REQUESTED BY: Dear Senator Wesely:
You have asked our opinion as to the applicability of certain provisions of LB 161 to the University of Nebraska. The first provision you inquire about is the amendatory language of section 3 of the bill. This section amends section84-1317, R.R.S. 1943, by adding this language:
"No faculty member of the University of Nebraska, the Nebraska State Colleges, or the technical community colleges shall be forced to retire before age seventy without due process, nor shall any faculty member have tenure status revoked due to age."
There are two matters we wish to call to your attention before discussing the effect of this amendment on the University. Section 84-1317 is a part of the State Employees Retirement Act.

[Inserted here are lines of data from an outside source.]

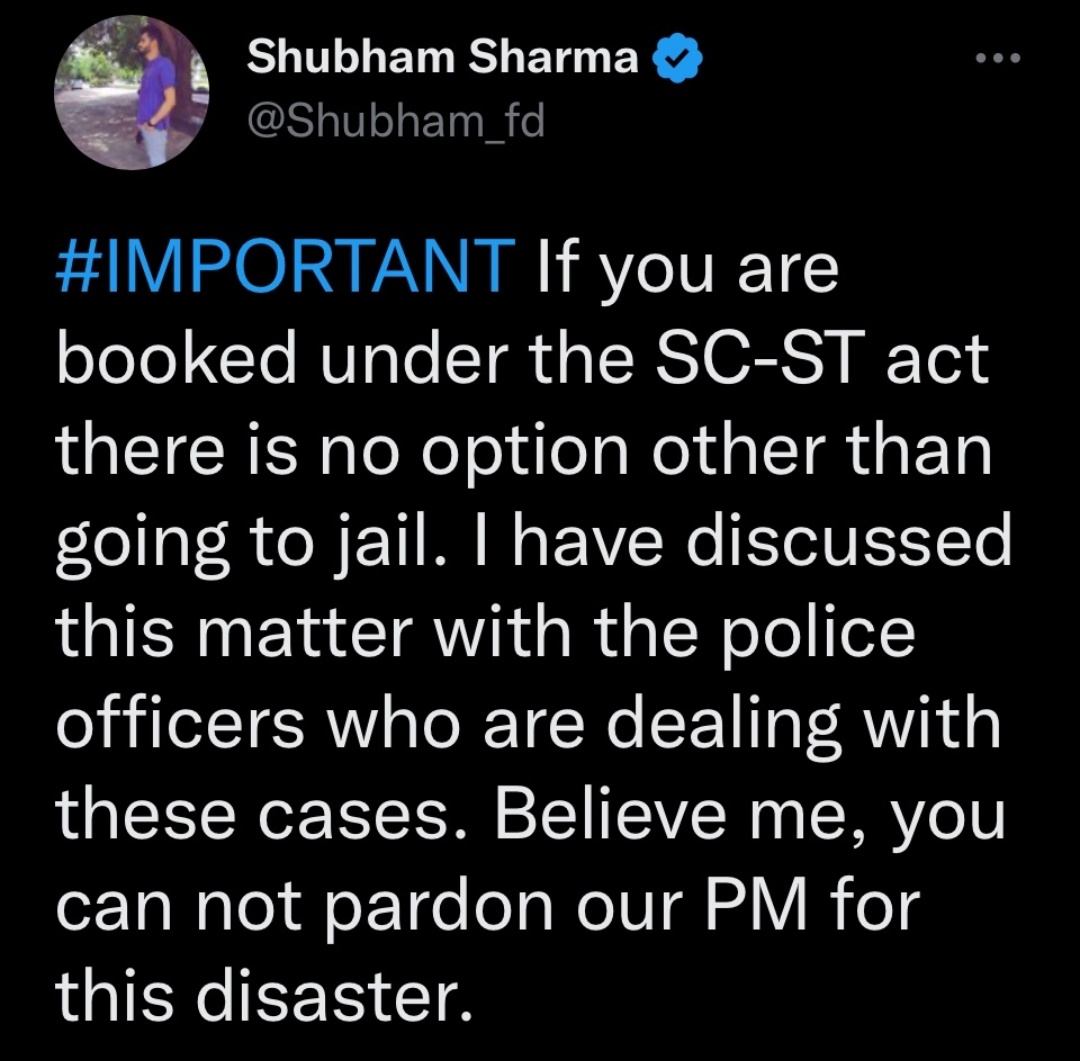 lamplaat's tweet photo. #Remove_SCSTAct
कुछ वोट के लिए समाज को तोड़ने वाले और निर्दोष लोगों के जीवन को बर्बाद करने वाले कानून को हटाना चाहिए।
@barandbench @AnujBajpai_ @Brahmin__World @brajeshpathakup @ChiefRspDhavrai @VoiceOfBrahmins @BRAHMINS_VOICE @SawarnArmychief @rahulreporter4 @Urs_acrf https://t.co/Uht2jl90Bk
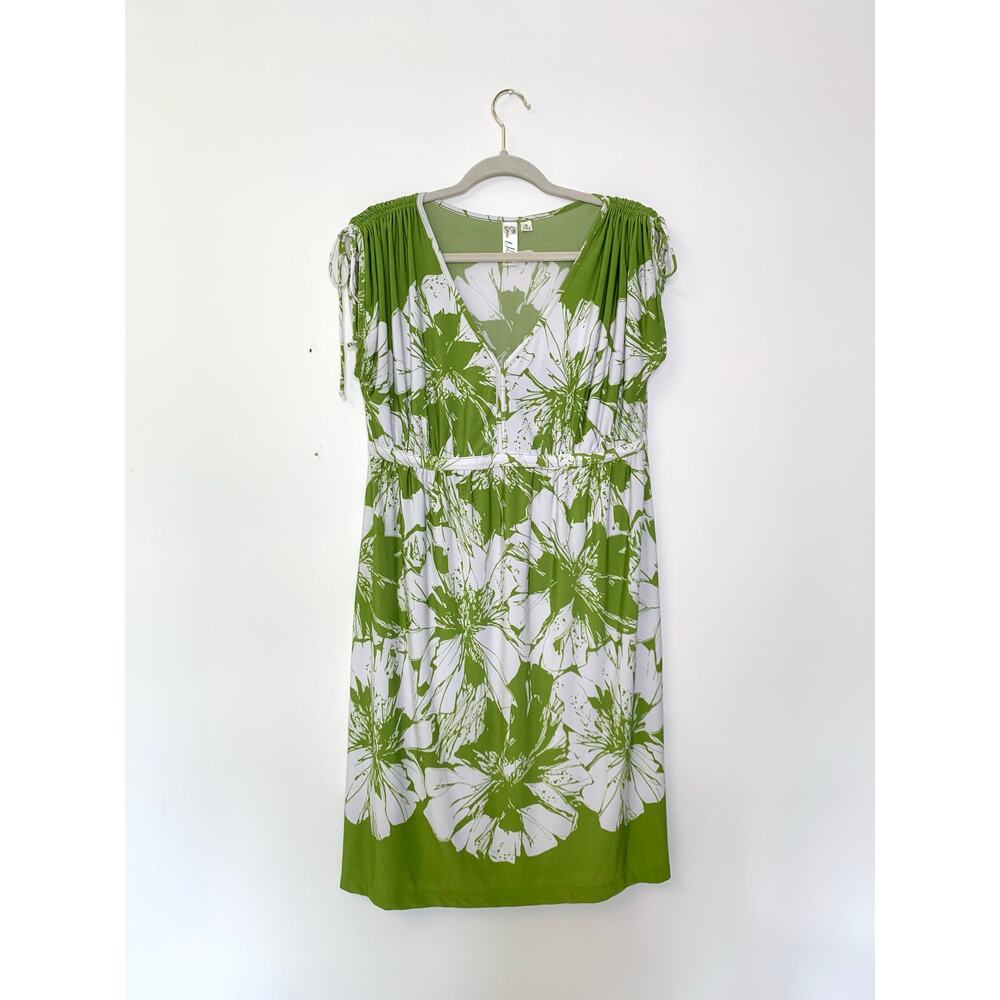 Emma & Michele Green White Floral Dress Size 12 Summer Vacation Tropical Beach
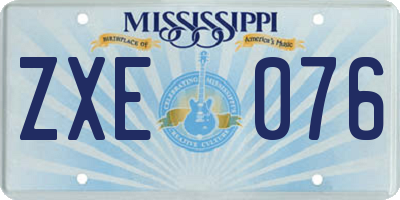 MS license plate ZXE076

Section 84-1301, R.R.S. 1943, specifically excludes from the definition of `employee,' as used in that act, employees of the University of Nebraska, employees of the state colleges, and employees of technical community colleges. While it does not, we presume, affect the validity of the legislation, we believe a provision dealing with employees of these institutions is rather inappropriately placed in an act which does not purport to cover them.
Second, we are in considerable doubt as to the meaning of the amendment.
It forbids forced retirement before age 70 `without due process,' but does not specifically forbid forced retirement solely because of age. Due process is a constitutional concept, far too complex to be discussed at any length in this opinion. It has two general aspects, substantive and procedural. Procedural due process usually is thought of as requiring notice and hearing. You inform us that the University has a bylaw which provides for mandatory retirement of tenured employees at the age of 65.
If the amendment we are concerned with is intended simply to require procedural due process, the employee could be given notice of a hearing to determine whether he had passed the mandatory retirement age of 65. If he had, he could be retired on that basis alone. We are confident that that was not the intention of the amendment, but the vague language of `due process' leaves that interpretation open.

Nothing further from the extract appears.